Check each line of the material below for "seating" and copy those where it appears.

## Entries supplied
──────

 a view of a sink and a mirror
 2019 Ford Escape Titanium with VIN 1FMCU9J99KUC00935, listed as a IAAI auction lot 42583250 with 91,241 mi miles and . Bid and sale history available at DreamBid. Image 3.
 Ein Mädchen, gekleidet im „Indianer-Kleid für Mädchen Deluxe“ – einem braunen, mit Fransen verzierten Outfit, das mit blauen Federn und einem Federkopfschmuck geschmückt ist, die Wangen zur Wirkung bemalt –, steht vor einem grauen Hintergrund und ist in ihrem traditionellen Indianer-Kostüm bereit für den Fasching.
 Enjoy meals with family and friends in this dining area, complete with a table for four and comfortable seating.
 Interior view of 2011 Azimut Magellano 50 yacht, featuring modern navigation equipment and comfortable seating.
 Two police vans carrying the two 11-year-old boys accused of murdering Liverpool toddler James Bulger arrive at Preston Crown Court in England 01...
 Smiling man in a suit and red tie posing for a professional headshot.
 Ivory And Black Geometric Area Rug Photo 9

──────

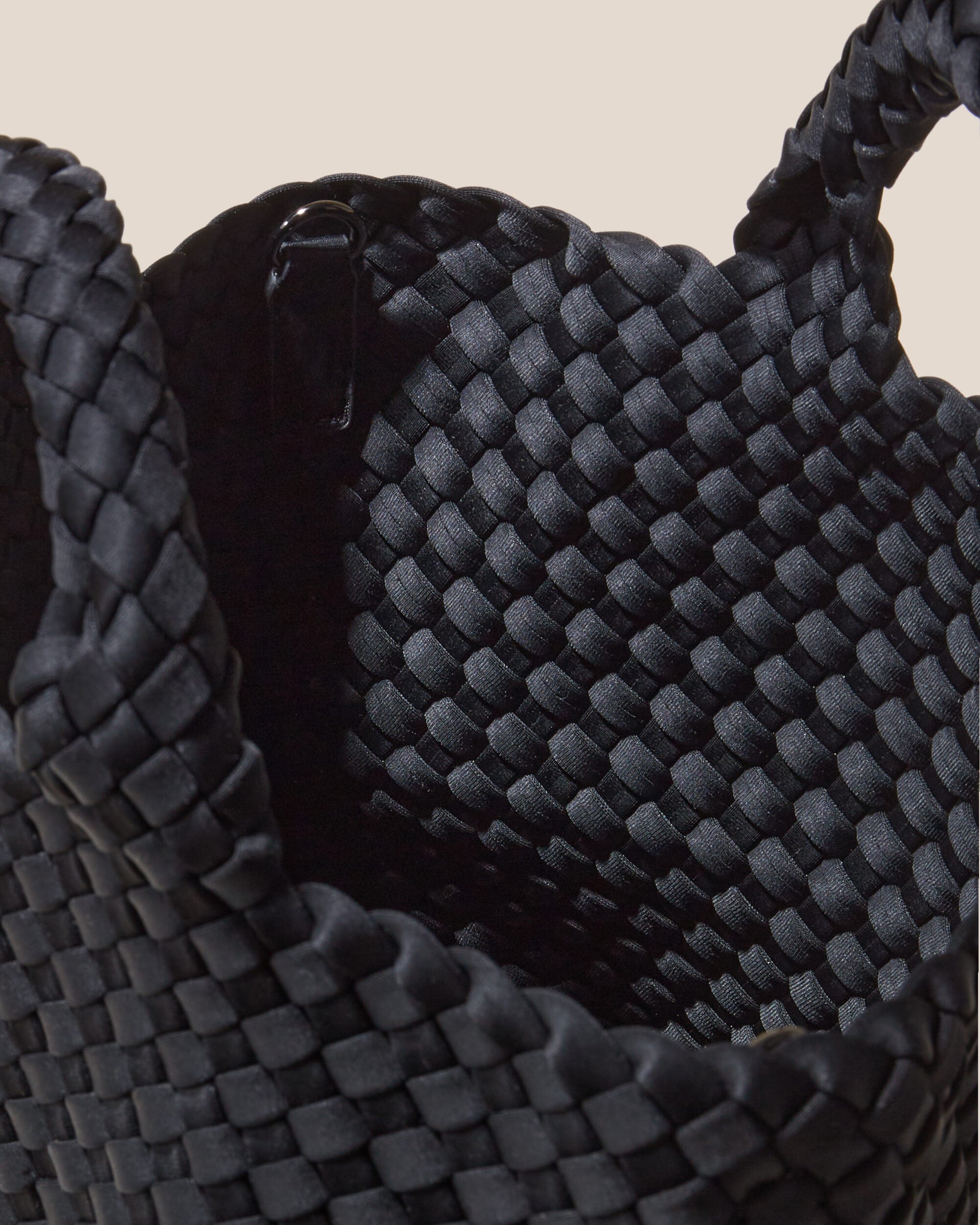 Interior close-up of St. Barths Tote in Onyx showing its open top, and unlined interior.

──────

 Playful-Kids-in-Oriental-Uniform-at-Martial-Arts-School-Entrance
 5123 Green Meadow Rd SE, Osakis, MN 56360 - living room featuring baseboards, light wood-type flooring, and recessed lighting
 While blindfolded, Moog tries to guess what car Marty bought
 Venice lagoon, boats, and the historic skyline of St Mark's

──────

## Answer below
 Enjoy meals with family and friends in this dining area, complete with a table for four and comfortable seating.
 Interior view of 2011 Azimut Magellano 50 yacht, featuring modern navigation equipment and comfortable seating.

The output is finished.